Jimmy’s wife, Elsie, owned and operated a beauty shop above the drug store and next door to my father’s medical practice. Often when I climbed the steps to his office in search of a nickel or dime for ice cream, I encountered my World War I veteran father sparing the time to teach Jim and Elsie’s toddler daughter, Julia Ann, the fundamentals of marching.

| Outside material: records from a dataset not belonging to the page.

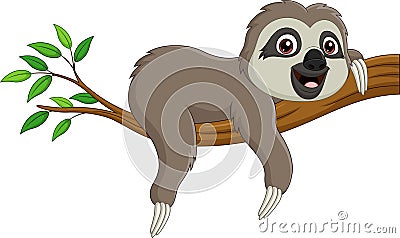 Cute baby sloth on tree branch Vector Illustration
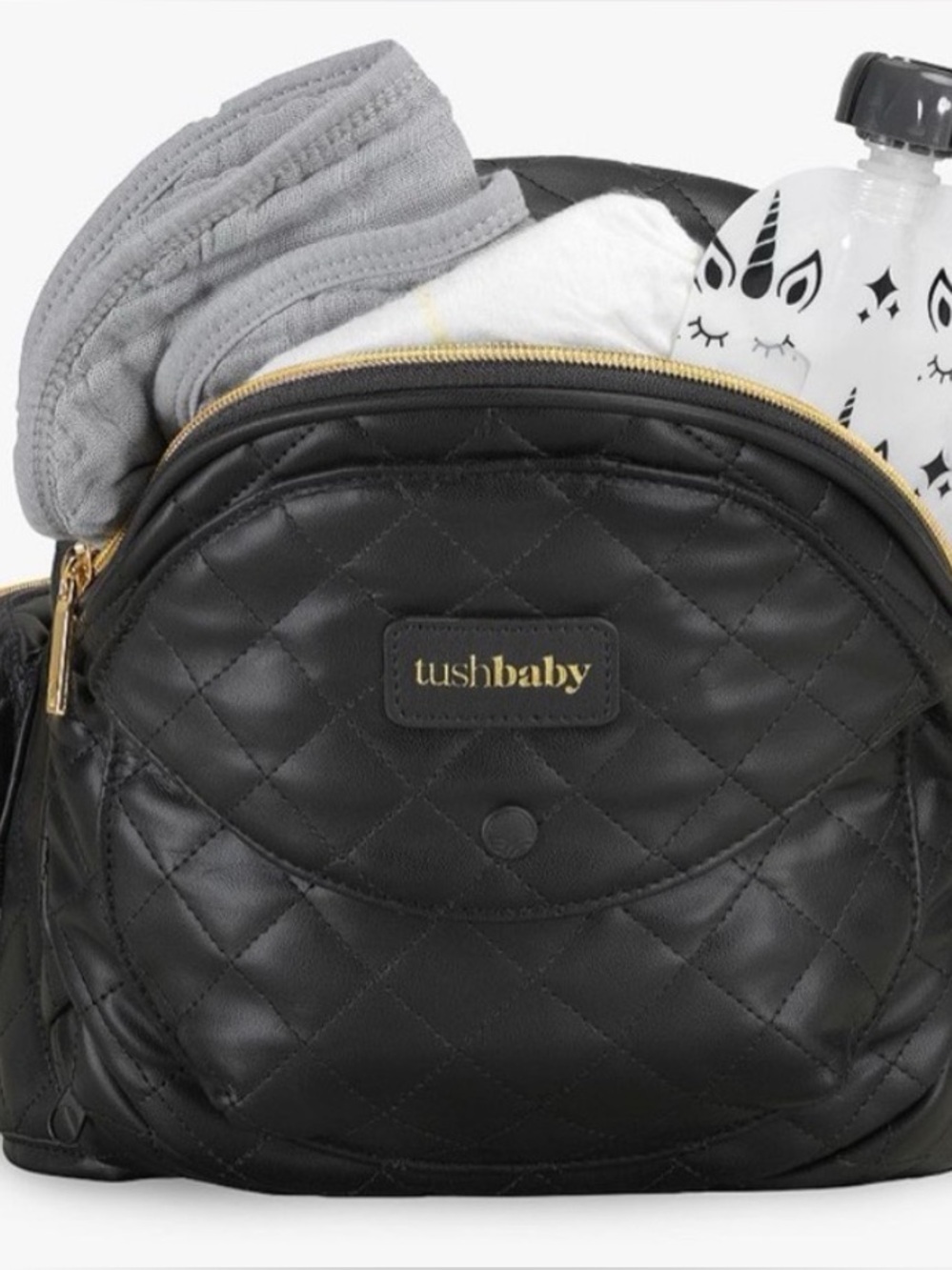 tushbaby Quilted Black Baby Bag - Stylish Diaper Bag new with tag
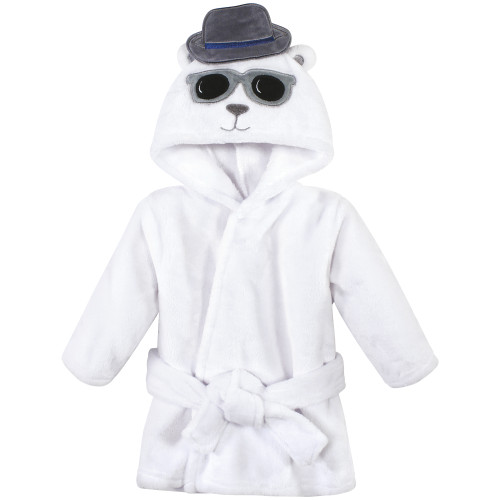 Hudson Baby Plush Bathrobe and Toy Set, Handsome Bear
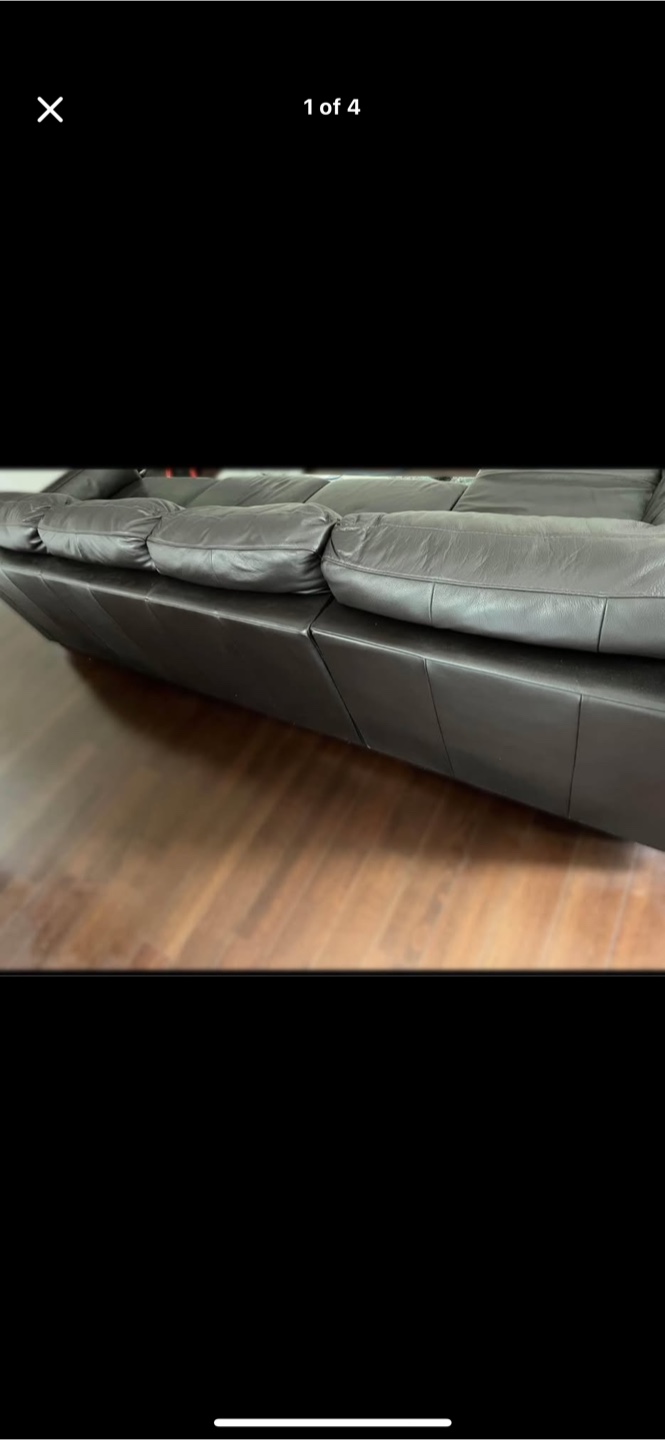 Brown Leather Sectional Sofa - photo 2
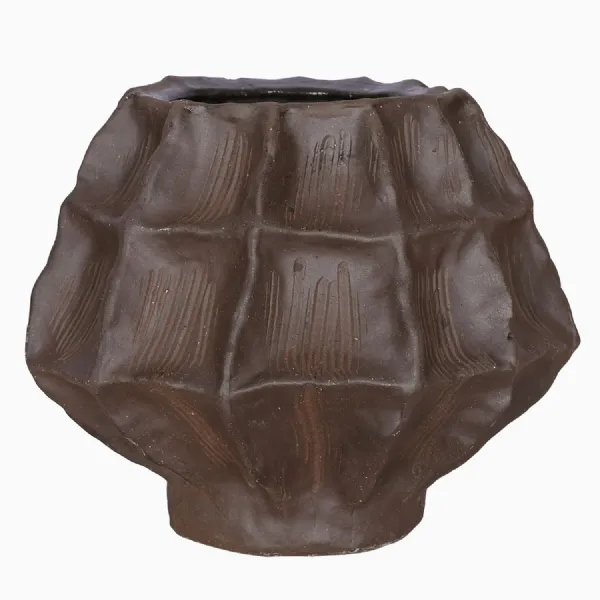 Kova Brown Textured Ceramic Squat Vase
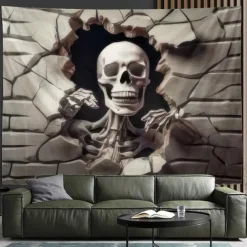 Halloween Tapestry Banners Wall Hangings Skeleton Mystic Party Living Room Shooting Backgrounds Decorations Wall Door Background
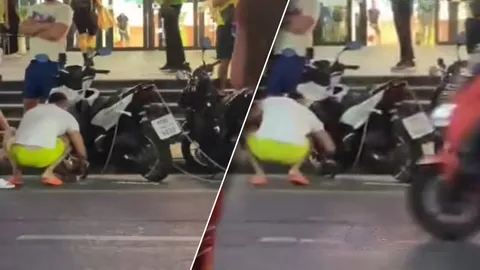 โผล่อีก “ฝรั่งภูเก็ต” ไม่สนตำรวจล็อกล้อ ใช้ก้อนหินทุบโซ่ ล็อกได้ก็ทุบได้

“Attention! Forward march! Left, right, left, right, halt! About face! Right, left, right, left.” After marching up and down the wooden hallway, Julia broke ranks and went into her mother’s beauty shop where she might have found her giving a lady a finger wave which cost 75 cents, or a permanent wave which required the hair to be rolled on chemically-soaked curler clamps and hooked up to electricity. That cost as much as $3.

Each of the aforementioned, in his own unique way, made a lasting impression on countless folks who remember them with admiration and affection. Although Harlan’s downtown area has changed a great deal, there are many who recall those “good old days” with fondness.